I guess this is the closest I’ll get to a white Christmas: snow at in the morning that is scheduled to turn to rain.
So here I sit in the middle of Willowbrook Mall parking lot, my car slowly being devoured by snow; feeling lingering tenderness at having Anne to share this holiday with.
But I also feel a twinge of jealousy seeing my ex-girlfriend seeking to hook up with Pauly, my best friend, and wishing it was me she sought out with her return – when Pauly only feigns interest, and doesn’t want things to go as far as she does.
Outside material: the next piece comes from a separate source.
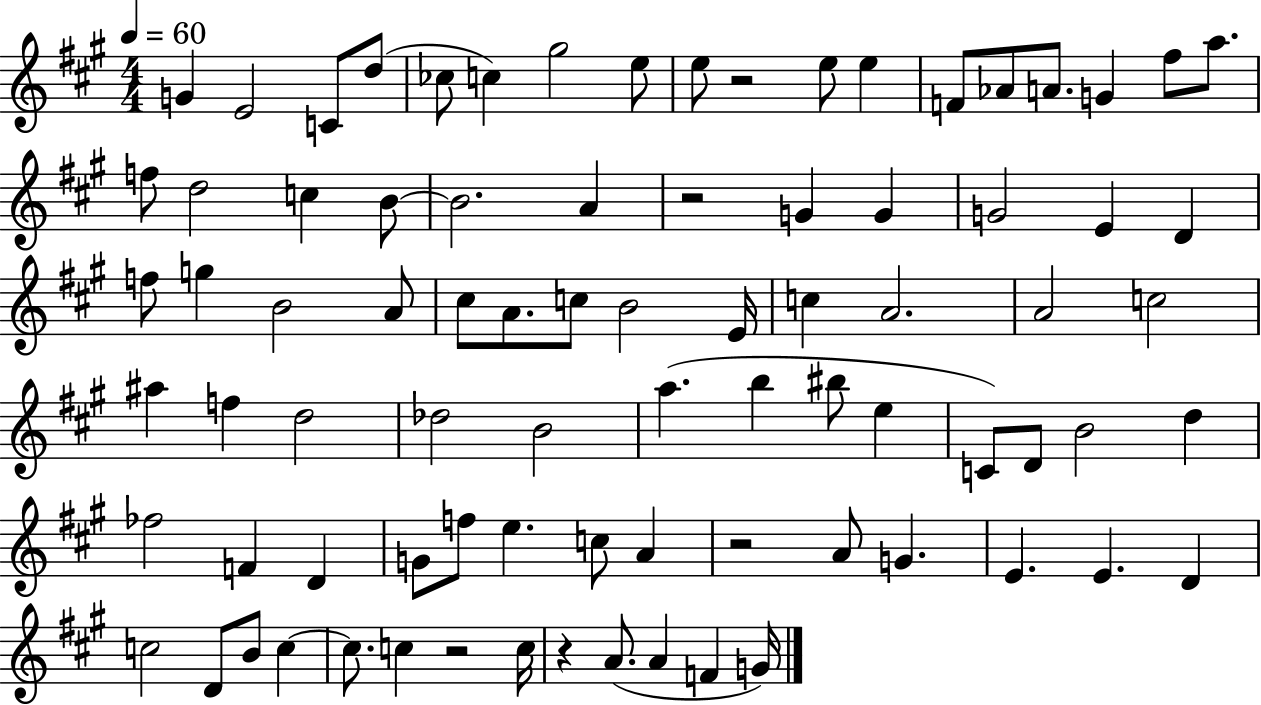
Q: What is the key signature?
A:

She wants true love with a real artist, and she isn’t likely to get either with him, and he knows it, and goes along with it for the ride, just as he always does, in the end, ending up where he started while leaving women like her along the back tracks of his life.
He can’t afford to admit he is vulnerable to the same intense feelings I was when I was with her.
She wants to belong to some institution of higher knowledge, an academy of art and science, to which he would not accept membership even if it was offered – the old Groucho Marx idea that he wouldn’t want to belong to any club that would have him as a member.
So he’ll let her tag along until she becomes a drag.
Perhaps he’s wiser than I was, seeing no more future there than with any of the other tag-alongs he let tag along over the years.
He knows when to keep his distance, especially when she is determined to conquer him.
Maybe she’ll succeed this time, able to play off his vanity so that even he – especially being as lonely as he clearly is – comes in out of the cold.
I think this while I sit out in the cold in the middle of Christmas madness, as I watch the ghosts of Christmas past, present and future float by along the walk, each carrying shopping bags from Bamberger’s. And I keep thinking that sometimes on nights like this, it’s better not to be alone, regardless of the debt in woe that must be paid when Christmas is over.
And I keep staring through the snow-covered windshield for some star of guidance that the heavy clouds won’t reveal, and wonder will the snow turn to rain after all, or keep on snowing.